> _What the task asks_
Pull every line that includes the word "asking" out of the data below and copy it.

> _Source data_
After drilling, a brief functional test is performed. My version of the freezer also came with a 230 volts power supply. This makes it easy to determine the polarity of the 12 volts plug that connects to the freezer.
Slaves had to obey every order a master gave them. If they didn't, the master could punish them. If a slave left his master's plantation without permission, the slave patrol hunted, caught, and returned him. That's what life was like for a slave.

---

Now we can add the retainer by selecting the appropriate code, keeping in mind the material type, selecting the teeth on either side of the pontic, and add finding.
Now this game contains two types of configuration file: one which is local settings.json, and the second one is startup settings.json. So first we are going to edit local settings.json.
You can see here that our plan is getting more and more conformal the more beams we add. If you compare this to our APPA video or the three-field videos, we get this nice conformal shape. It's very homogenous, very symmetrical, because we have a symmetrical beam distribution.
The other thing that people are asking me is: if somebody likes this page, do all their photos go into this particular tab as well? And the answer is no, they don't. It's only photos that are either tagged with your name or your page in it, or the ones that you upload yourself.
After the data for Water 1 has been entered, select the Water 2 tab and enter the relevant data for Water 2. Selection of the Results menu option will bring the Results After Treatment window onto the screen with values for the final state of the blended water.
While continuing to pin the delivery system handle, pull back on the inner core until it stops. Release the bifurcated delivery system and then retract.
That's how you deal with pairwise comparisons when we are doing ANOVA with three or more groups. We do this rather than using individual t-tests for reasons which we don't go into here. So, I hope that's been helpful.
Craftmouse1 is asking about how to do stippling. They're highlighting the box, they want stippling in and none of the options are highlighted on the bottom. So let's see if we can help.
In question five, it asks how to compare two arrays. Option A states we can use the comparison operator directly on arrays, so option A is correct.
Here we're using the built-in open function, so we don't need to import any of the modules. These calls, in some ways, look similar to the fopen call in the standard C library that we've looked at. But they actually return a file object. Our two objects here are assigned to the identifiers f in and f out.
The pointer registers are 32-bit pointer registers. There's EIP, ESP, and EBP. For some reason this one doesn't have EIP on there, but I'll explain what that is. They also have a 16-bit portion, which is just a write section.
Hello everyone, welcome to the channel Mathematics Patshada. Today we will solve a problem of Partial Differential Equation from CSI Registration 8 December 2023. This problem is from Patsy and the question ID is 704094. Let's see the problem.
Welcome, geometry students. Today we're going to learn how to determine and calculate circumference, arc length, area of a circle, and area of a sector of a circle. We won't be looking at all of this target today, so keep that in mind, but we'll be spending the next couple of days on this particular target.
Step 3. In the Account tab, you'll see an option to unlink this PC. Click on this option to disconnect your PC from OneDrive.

> _Finished task_
The other thing that people are asking me is: if somebody likes this page, do all their photos go into this particular tab as well? And the answer is no, they don't. It's only photos that are either tagged with your name or your page in it, or the ones that you upload yourself.
Craftmouse1 is asking about how to do stippling. They're highlighting the box, they want stippling in and none of the options are highlighted on the bottom. So let's see if we can help.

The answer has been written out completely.